¡Sigan a ese hombre!
Centenares de periodistas y aficionados rodean y persiguen a Armstrong, un icono hiperprotegido
Lance Armstrong es como el fuego: se sabe donde está por el humo que lo anuncia. El humo en este caso eran los centenares de aficionados que, apostados en las orillas de los autobuses del Astana, le esperaban como un mesías. Durante algunas horas fue un fuego fatuo, es decir, un fuego que no ardía. Armstrong no llegaba, luego Armstrong se guarecía en el autobús del calor ambiental, del calor humano y del calor informativo. Las televisiones apuntaban a un lugar vacío y blandían sus micrófonos de jirafa, como quien lanza la caña por si pesca algo. Y por fin Armstrong salió. Por muy divino que sea, es un profesional que debe someterse al rodillo previo a la carrera. Aplausos desde los dos lados de la estrecha callejuela que había habilitado el equipo entre dos camiones, sin paso permitido a nadie. Unas brevísimas palabras para la televisión francesa, inaudibles incluso para los micrófonos de jirafa ajenos, y el tejano que se va hacia la salida bajo un sol de justicia escoltado por los fans (que son muchos) y los periodistas (que no son menos), como si alguien hubiera ordenado la cinematográfica frase "¡Sigan a ese hombre!".
"Que me gane Cancellara es normal, es un especialista", estimó Contador
Y Armstrong que regresa 20 minutos después con el mejor tiempo a sus espaldas, que luego se convirtió en el 10º de la general y el 4º de su equipo. Al menos no salió del top ten, aunque siga liderando el ránking de popularidad. Es curioso comprobar cómo el ciclista más laureado del Tour, el más exigido por ello, recoge ahora muestras de comprensión que convierten su décimo lugar en la consecuencia inevitable de sus cuatro años de ausencia. "Ha sido como comenzar de cero", dijo tras reconocer que había estado "nervioso en la bicicleta". Sólo los mitos gozan de comprensión.

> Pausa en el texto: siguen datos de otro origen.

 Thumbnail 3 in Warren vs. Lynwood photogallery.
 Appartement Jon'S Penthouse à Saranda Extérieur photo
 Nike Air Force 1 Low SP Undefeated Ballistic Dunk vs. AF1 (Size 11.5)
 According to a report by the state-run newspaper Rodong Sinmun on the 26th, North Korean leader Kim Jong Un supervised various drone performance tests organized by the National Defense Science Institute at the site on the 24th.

De nuevo al rodillo para recuperar el esfuerzo acumulado. Y de nuevo los flashazos, de frente, de espaldas, con el maillot abrochado y con el pecho descubierto. Y cuando alguien le anuncia que Leipheimer ha mejorado su tiempo, Armstrong recoge sus trastos y se vuelve al hotel, no sin antes atender al tumulto de periodistas que le rodean. A un lado un niño, con una bicicleta de carreras y el maillot de Livestrong (la fundación del corredor americano) llora y llora. Tratando de consolarle, descubrimos que no llora de emoción: es que se ha perdido. A los pocos minutos, cuando Armstrong concluye sus manifestaciones, aparece su padre. Sencillamente, Armstrong y su tumulto les había dejado a uno en cada lado. Siempre prohibido el paso. No sé si tendrán ganas de volver a verle.

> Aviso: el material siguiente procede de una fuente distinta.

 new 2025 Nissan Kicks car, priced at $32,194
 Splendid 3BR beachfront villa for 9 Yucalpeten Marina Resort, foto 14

Alberto Contador, con su jersey de lunares -"es como de sevillana, ¿verdad?"-, de rey de la montaña, que espera cambiar "dentro de unas semanas por otro de un color distinto", hizo el camino inverso de Armstrong: fue el segundo de la general y el primero de su equipo. Y fue recorriendo uno tras otro los stands de los medios de comunicación. "Que me gane Cancellara es normal: es más alto, tiene más peso y es un especialista, pero esto no ha hecho sino comenzar". Y se fue raudo, "no vaya a ser que me moje", dijo mirando a un cielo que amenazaba lluvia. A él, además, no se le perdió ningún niño, que se sepa.